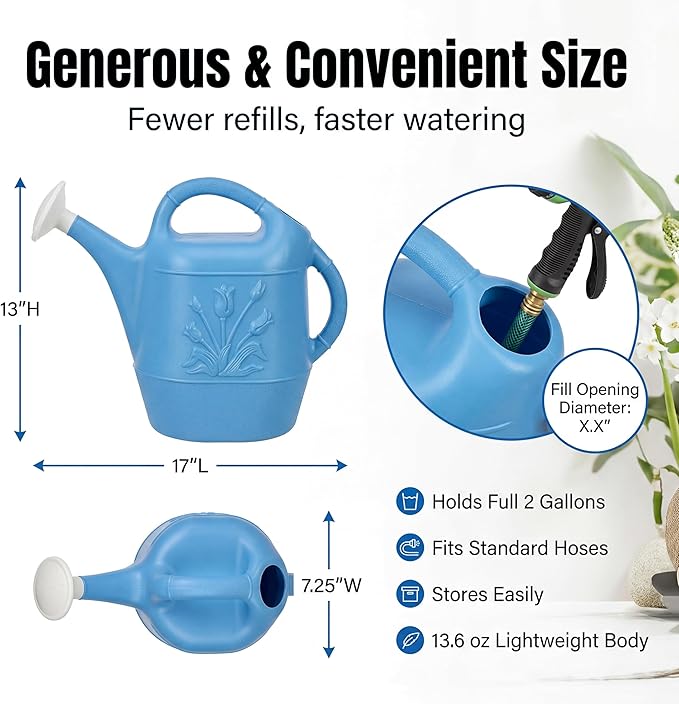 PMU 2 Gallon Watering Can - Garden Watering Can for Indoor & Outdoor Plants - Plastic Water Can with Detachable Sprinkler Head - Large Water Pot, Made in USA - Blue Pkg/3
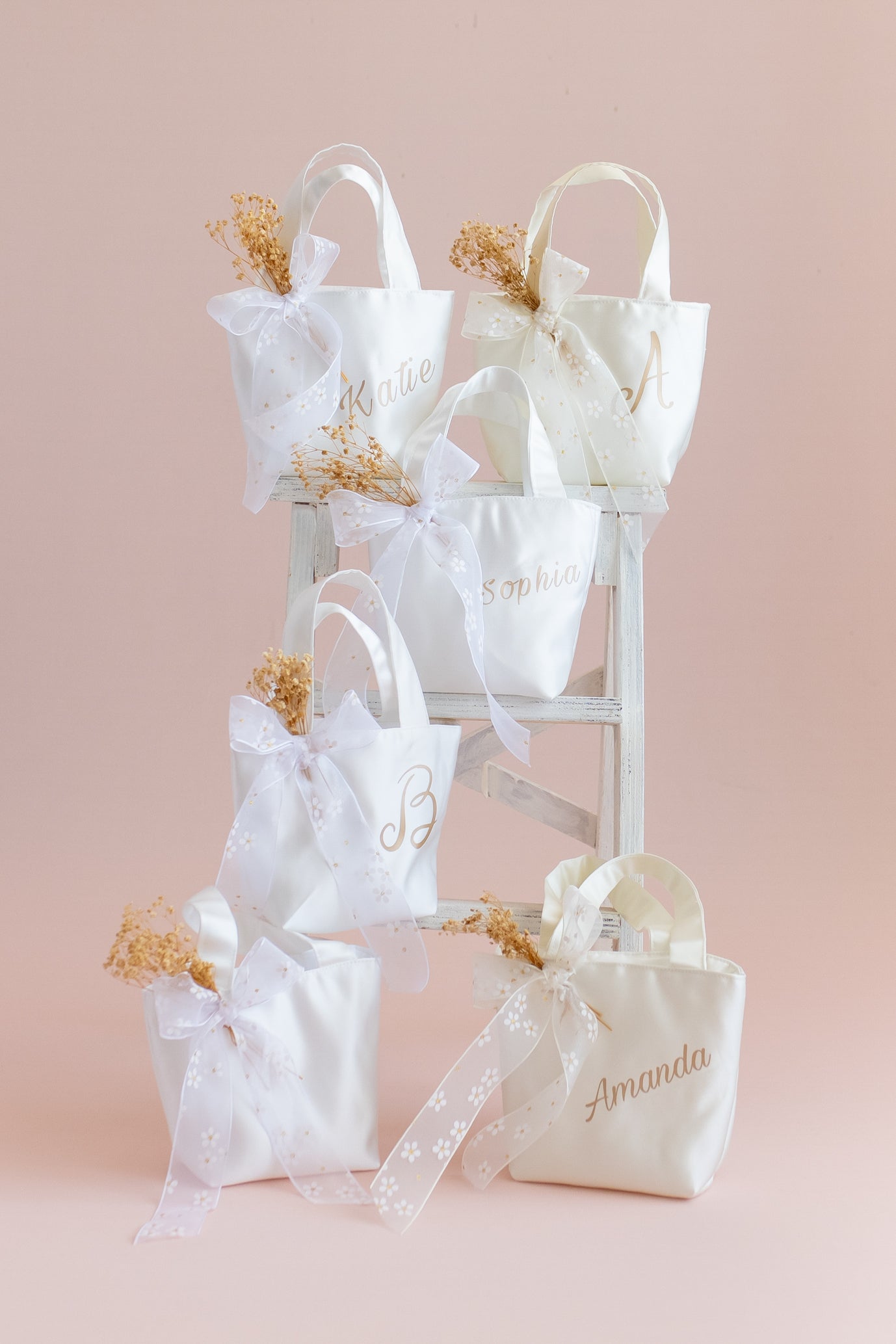 Personalized Satin Flower Girl Tote Bag: Heart Purse & Hair Bow Set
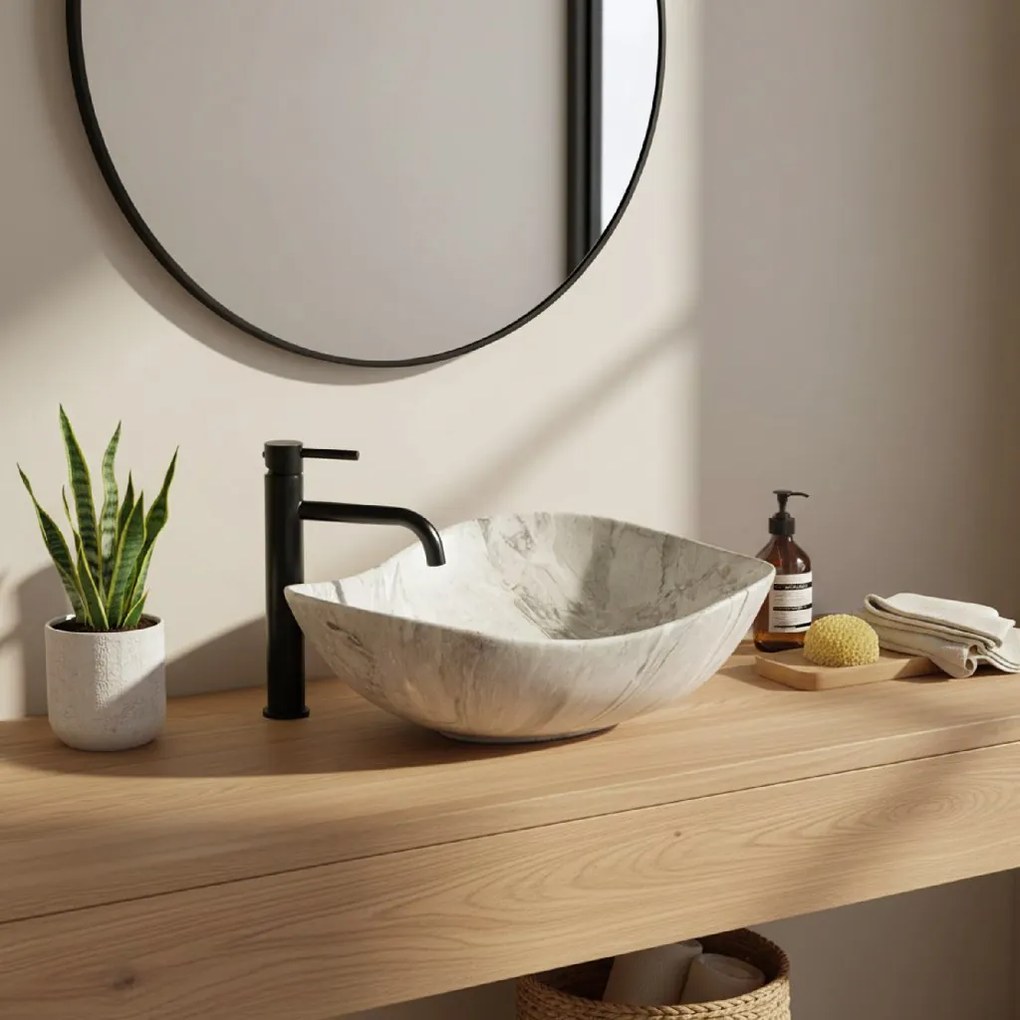 Rea Dora Stone, umývadlo na dosku 515x400x175 mm, šedá imitácia kameňa, REA-U5066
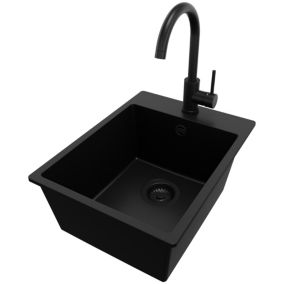 Zlewozmywak Granitowy Ryga PRIMAGRAN Nablatowy 38x50cm do szafki od 40cm z Syfonem i Baterią Cały Czarny 1 szt.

- PROBLEM REQUIREMENTS -
Give back the full listing word for word, with the pictures left out.

- RESULT OF THE TASK -
 PMU 2 Gallon Watering Can - Garden Watering Can for Indoor & Outdoor Plants - Plastic Water Can with Detachable Sprinkler Head - Large Water Pot, Made in USA - Blue Pkg/3
 Personalized Satin Flower Girl Tote Bag: Heart Purse & Hair Bow Set
 Rea Dora Stone, umývadlo na dosku 515x400x175 mm, šedá imitácia kameňa, REA-U5066
 Zlewozmywak Granitowy Ryga PRIMAGRAN Nablatowy 38x50cm do szafki od 40cm z Syfonem i Baterią Cały Czarny 1 szt.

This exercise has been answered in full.